First, I need to be honest with myself and my parishioners about how completely desperate I feel most of the time. I really do think that everything is on fire, and that belief makes me feel frustrated about anything that is not a radical and sweeping change. And yet, many of you probably think that things are mostly fine, and that radical change is not necessary. And that is okay. It is my job to be in conversation with my parishioners, trying to bridge the gap between where they are at and where I am at. And it would be unfair to you if I preached a “sky is falling” homily every weekend. But the result of all of this is that I am always going to feel like we are moving too slow, and most of you are going to feel like I am pushing too hard, and we will always be in that tension. And knowing that about each other, maybe we can bring that to Jesus and move forward together.
Second, I am going to continue to enable and empower as many parishioners as I can to own and run the ministries of the parish. I often feel frustrated because I am doing a bunch of stuff that I do not really care about, even though it may be an important or necessary parish ministry. I also believe that Jesus takes care of his Church, and that if something is an important or necessary ministry, he has already given our parish someone who is passionate about that ministry. It is my job to help people fall more and more in love with Jesus until these passions reveal themselves and these people are inspired to give their time and talents to the Lord. It is many gifts but the same Spirit. We already have these gifts, we just need to tap into them. Yes, the priest needs to coordinate the efforts of his parishioners, but if the Lord is inspiring you to serve in some way, I am going to find every way I can to let that inspiration run its course. Not only would you likely be doing me a favor, but you would be helping God carry out his plan for our parish.

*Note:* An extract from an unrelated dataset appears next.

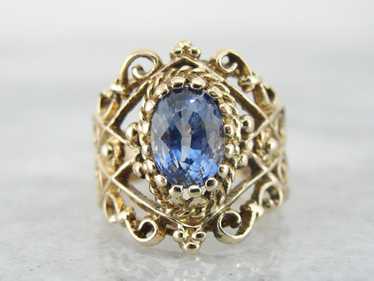 Wide Filigree Blue Ceylon Sapphire Ring - image 1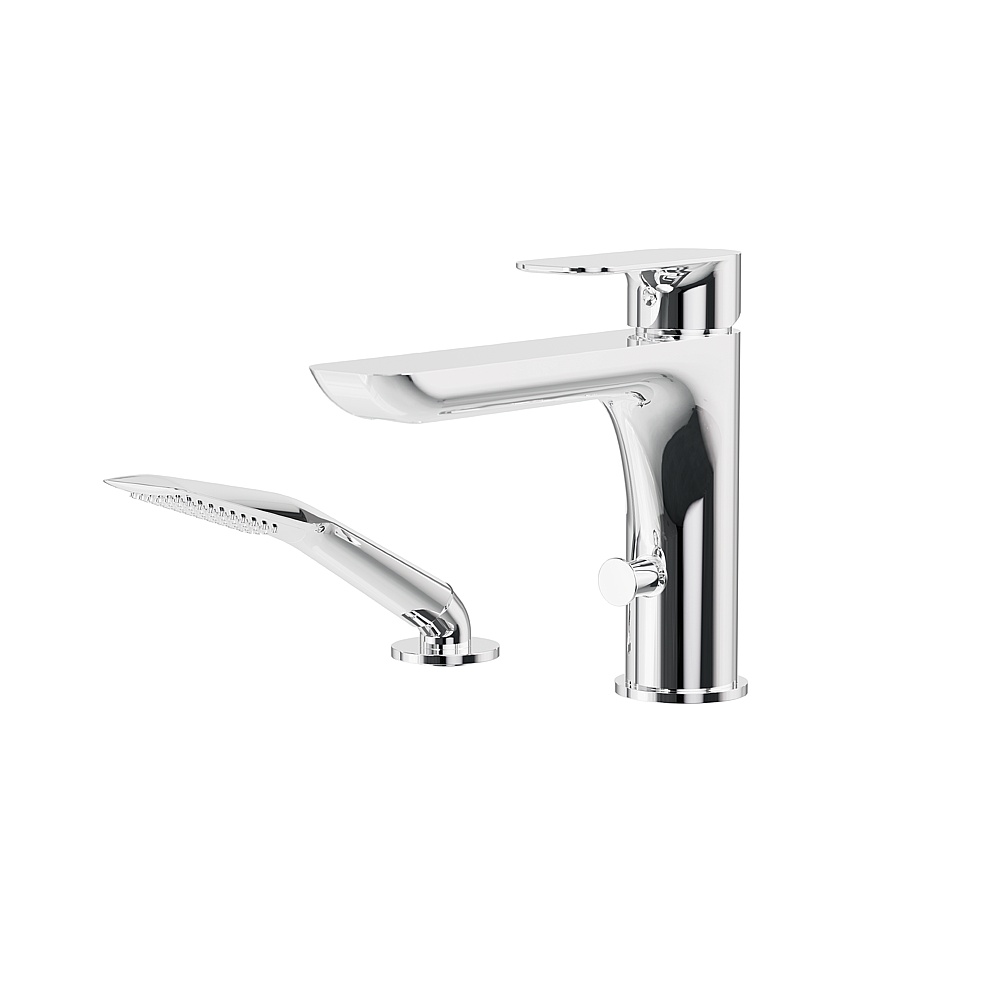 Aquabrass Xpress ABFB56074PC 56074 Must Deck Tub Filler with Handshower - Polished Chrome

Finally, and this is the one that will be hardest for me to maintain and not forget, I think it is important for you to hear from your priest about his personal relationship with Jesus. It is so easy for me to teach, or to encourage, or to challenge. But you rarely get to hear about the fact that, for me, Jesus is an active person in my life whom I love. He and I have a continual dialogue. He regularly asks me to do things that I do not enjoy, and I am very often upset with him. But I have given my life to Jesus, and I love him with my entire being, and I have never regretted that.
So this is where I am with Jesus. I hope that, even when it is maddening and frustrating, you, too, can have a deep and profound relationship with Jesus. In the end, nothing else really matters.